Ma soprattutto ingrosserà i fatturati già in esplosione delle industrie militari, soprattutto quelle statunitensi, togliendo anche all’amministrazione Trump l’esigenza di spendere per una situazione bellica in Europa che vede solo come intralcio. Ma senza un vero disimpegno dal nostro Continente, come commentatori troppo ligi al canone Nato continuano a ripetere, perché ma in questi mesi è stata avanzata l’ipotesi che lo renderebbe reale: l’abbandono delle basi statunitensi in Europa e la partenza delle decine di migliaia di soldati a stelle e strisce acquartierati nei nostri Paesi.

Certamente per smontare la follia bellicista in corso, basata su ricette che si sono già rivelate altamente fallimentari in passato e vengono riproposte come un martellante mantra grazie alla connivenza della maggioranza dei media, bisognerà partire “dal basso” evidenziandone le contraddizioni.
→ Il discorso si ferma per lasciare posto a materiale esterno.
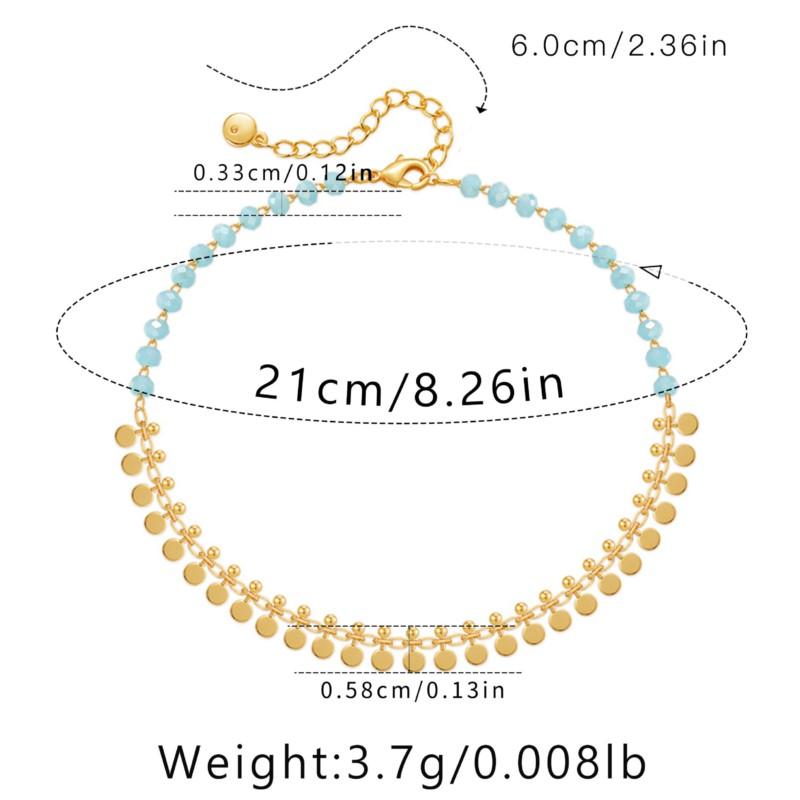

ANENJERY Circular Tassels Blue Stone Anklet Bracelet for Women Summer Beach Niche Temperament Jewelry Wholesale золотой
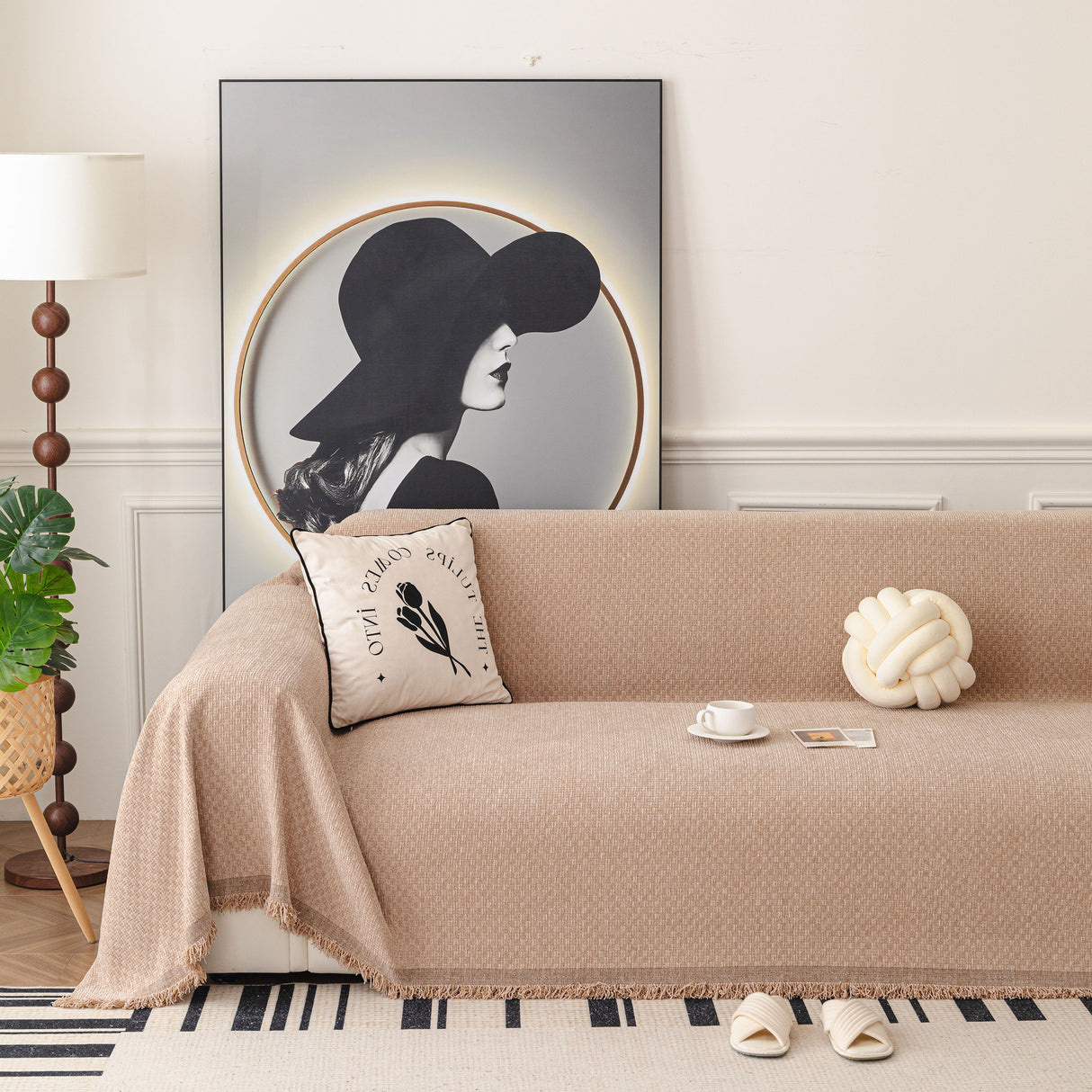 Textured Woven Modern Sofa Cover, Natural Blend Decorative Couch Throw Blanket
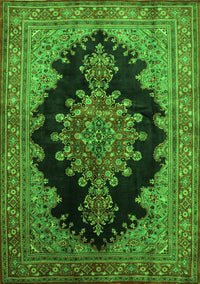 Medallion Green Traditional Rug, tr89grn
E anche quanto tali scelte andranno a distruggere le condizioni materiali e democratiche dei popoli che vorrebbero invece “proteggere”. Ma, paradossalmente, anche una azione dall’alto della piramide della militarizzazione, incarnata dalle armi nucleari, potrebbe essere efficace e fondamentale. Perché è da quel punto di coercizione estrema, un approccio realmente mafioso alla politica internazionale, che derivano i sistemi e le scelte che ci impediscono di costruire la pace.

Come ha dichiarato Melissa Parke (direttrice della campagna ICAN, l’organizzazione premio Nobel per la pace nel 2017): «In tempi difficili come questi, potremmo essere portati a ridurre le nostre aspettative. Ma più la posta in gioco è alta, più dobbiamo essere ambiziosi. Il nostro obiettivo deve rimanere l’eliminazione, non il semplice prolungamento del periodo di non utilizzo delle armi nucleari. E dobbiamo insistere affinché non sia un sogno lontano, ma una necessità urgente».